Bayden Barber gets “a sinking feeling in my puku” when he drives past diggers moving earth for three new dwellings beneath the eastern slopes of Te Mata Peak.
A month later, a change in the district plan ensured this would be the last development undertaken on the eastern face of the peak.
Barber says Te Mata Peak “means everything” to Ngāti Kahungunu, and that he has a 150-page cultural report to prove it, but accepts the planned build of two houses and one supplementary dwelling at 282 Waimārama Rd is on private land and could have been worse.
“Instead of two homes, you could have potentially had a hundred homes there and a big gated community,” Barber said.
Once a Certificate of Compliance (COC) was granted in September 2022, the landowners, Hastings District Council and iwi reached an agreement to minimise the visual impact of the buildings.
A COC is a formal record that a proposed development at a point in time is a permitted activity under the District Plan.
The council can only check whether it complies and issue a certificate to confirm if it does - it has no discretion or ability to refuse it.
Covenants are in place that dictate where the dwellings can sit on the property, as well as rules around the planting of shelter belts, exotic forestry and fencing.
“They could have developed that whole area of flat land beneath the peak, so it was a matter of trying to negotiate the best option while acknowledging that they own the property and have a right to develop it as they want,” said Barber.
Which isn’t to say he’s thrilled by the whole thing.
“Nah, not really, no. And we expressed that,” Barber said.
“I’d prefer there to be no development in that part of that vista. That would be ideal, given how important that vista is to not just Māori, but to all people.
“It [the granting of resource consent] was only a few years after the track was put there and all that controversy and we tried to emphasise that ideally we’d like to have nothing there.”

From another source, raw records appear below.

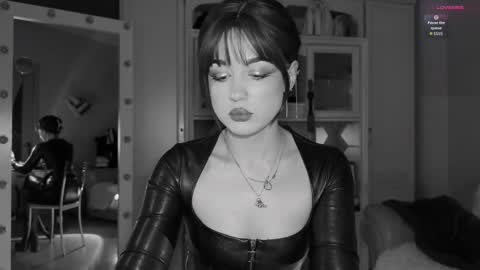 Snapshot of sun_for_you chatting on November 22, 2025, 9:58 pm Miss Nelly online show from November 22, 2025, 9:58 pm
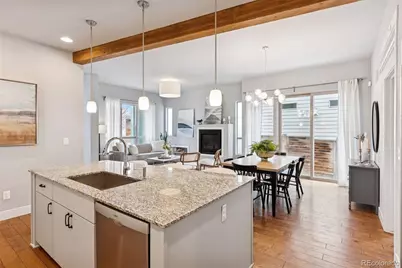 8785 E 55th Avenue, Denver, CO 80238 - Photo 13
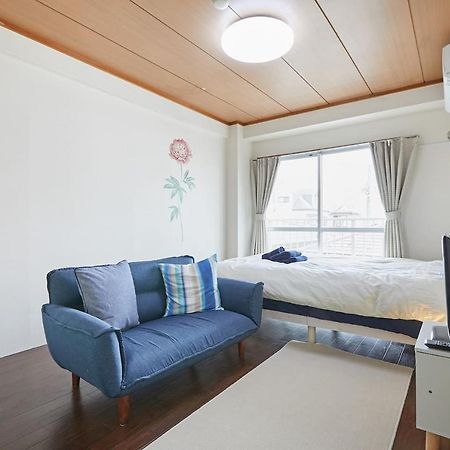 Sun White Gyoutoku 202 Urayasu Bagian luar foto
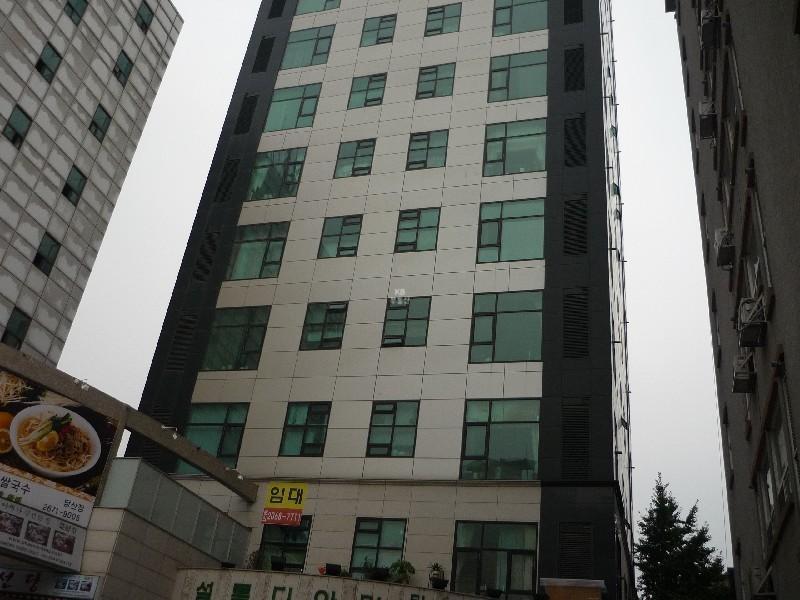 P1050276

The Hastings District Council granted resource consent for a walking track to be cut into the eastern face of Te Mata Peak, without prior consultation with iwi.
It was an issue that divided opinion and the track was eventually filled in by the council.
Barber says a spirit of “compromise” was at the heart of the negotiations around these new dwellings.
He says iwi did not get their wish that the land remain undeveloped, but this is “the next best thing” and there’s comfort in knowing the rest of the area will remain untouched “in perpetuity”.
The HDC says it changed the district plan to October 2022 to prohibit development on the eastern face of Te Mata Peak “to ensure long-lasting protection of the natural and cultural attributes of this outstanding natural landscape for both current and future generations”.
Hamish Bidwell joined Hawke’s Bay Today in 2022 and works out of the Hastings newsroom.
* Clarification: This story initially reported that resource consent was granted for the homes in September 2022. It was a Certificate of Compliance and the story has been amended as a result.